TASK STATEMENT: A faithful copy of all the data is required; pictures should not be included.

GIVEN MATERIAL:

***

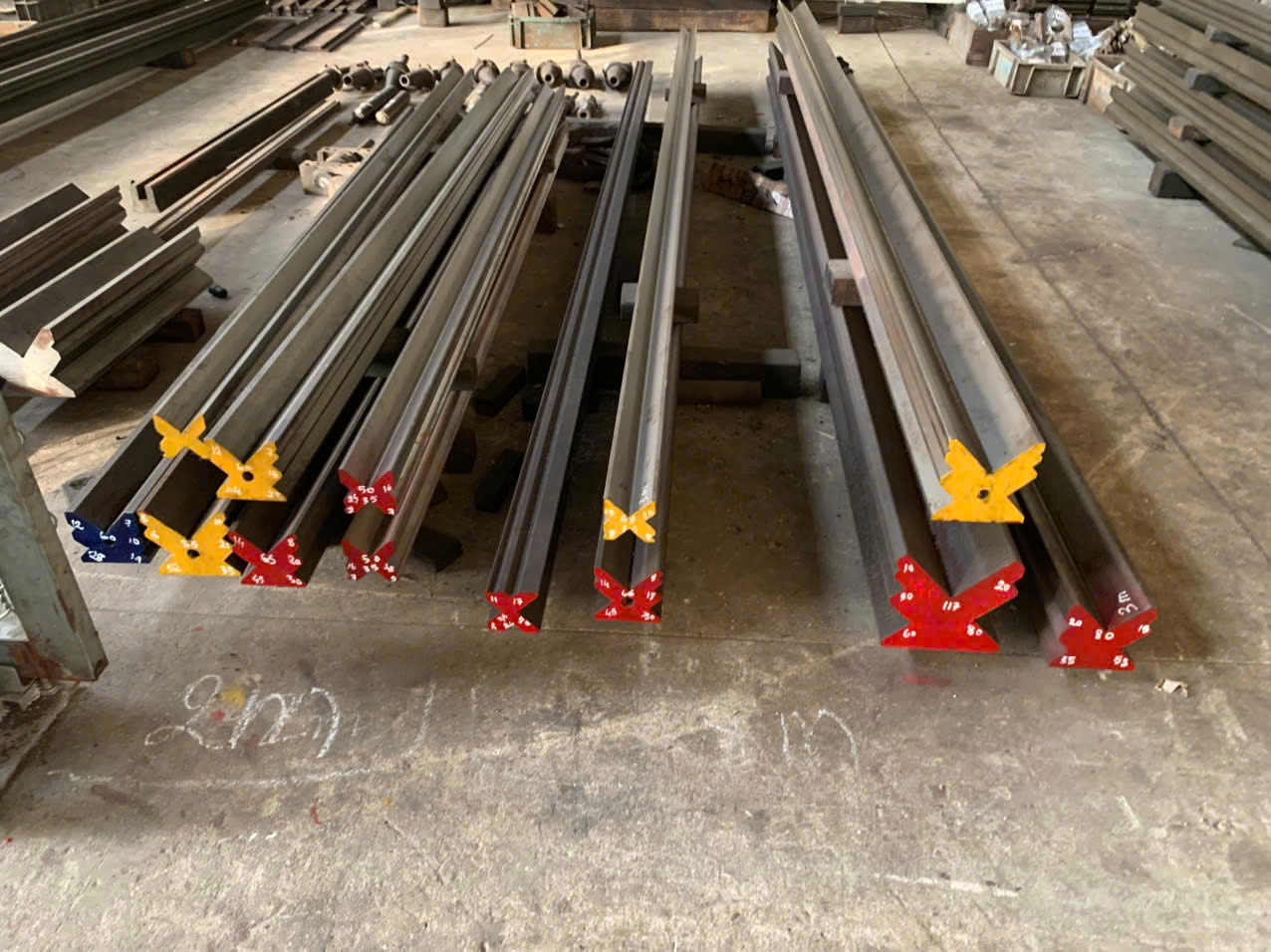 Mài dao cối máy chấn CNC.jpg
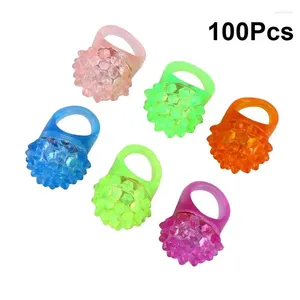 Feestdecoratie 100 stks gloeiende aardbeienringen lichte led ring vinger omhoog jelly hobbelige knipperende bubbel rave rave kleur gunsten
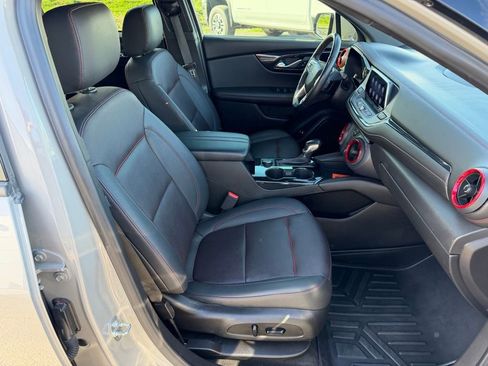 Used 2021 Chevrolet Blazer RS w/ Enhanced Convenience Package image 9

***

ANSWER BELOW:
 Mài dao cối máy chấn CNC.jpg
 Feestdecoratie 100 stks gloeiende aardbeienringen lichte led ring vinger omhoog jelly hobbelige knipperende bubbel rave rave kleur gunsten
 Used 2021 Chevrolet Blazer RS w/ Enhanced Convenience Package image 9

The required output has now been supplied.